(Source data)
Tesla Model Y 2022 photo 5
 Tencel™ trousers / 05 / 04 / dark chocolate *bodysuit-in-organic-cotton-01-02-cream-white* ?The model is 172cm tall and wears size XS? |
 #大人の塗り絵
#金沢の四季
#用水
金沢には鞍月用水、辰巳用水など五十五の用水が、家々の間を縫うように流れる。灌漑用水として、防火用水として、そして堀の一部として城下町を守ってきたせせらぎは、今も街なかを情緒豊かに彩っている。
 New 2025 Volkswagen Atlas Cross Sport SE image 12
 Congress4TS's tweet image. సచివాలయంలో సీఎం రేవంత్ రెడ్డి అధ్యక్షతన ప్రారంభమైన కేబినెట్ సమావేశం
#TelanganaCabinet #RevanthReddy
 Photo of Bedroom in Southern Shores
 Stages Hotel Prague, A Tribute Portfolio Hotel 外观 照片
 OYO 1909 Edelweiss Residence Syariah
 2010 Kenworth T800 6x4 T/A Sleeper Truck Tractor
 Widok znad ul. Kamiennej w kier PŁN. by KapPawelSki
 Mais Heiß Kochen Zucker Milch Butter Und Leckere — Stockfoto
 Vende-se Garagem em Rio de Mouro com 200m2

**Brief**
Output the entries verbatim.

**Your response**
Tesla Model Y 2022 photo 5
 Tencel™ trousers / 05 / 04 / dark chocolate *bodysuit-in-organic-cotton-01-02-cream-white* ?The model is 172cm tall and wears size XS? |
 #大人の塗り絵
#金沢の四季
#用水
金沢には鞍月用水、辰巳用水など五十五の用水が、家々の間を縫うように流れる。灌漑用水として、防火用水として、そして堀の一部として城下町を守ってきたせせらぎは、今も街なかを情緒豊かに彩っている。
 New 2025 Volkswagen Atlas Cross Sport SE image 12
 Congress4TS's tweet image. సచివాలయంలో సీఎం రేవంత్ రెడ్డి అధ్యక్షతన ప్రారంభమైన కేబినెట్ సమావేశం
#TelanganaCabinet #RevanthReddy
 Photo of Bedroom in Southern Shores
 Stages Hotel Prague, A Tribute Portfolio Hotel 外观 照片
 OYO 1909 Edelweiss Residence Syariah
 2010 Kenworth T800 6x4 T/A Sleeper Truck Tractor
 Widok znad ul. Kamiennej w kier PŁN. by KapPawelSki
 Mais Heiß Kochen Zucker Milch Butter Und Leckere — Stockfoto
 Vende-se Garagem em Rio de Mouro com 200m2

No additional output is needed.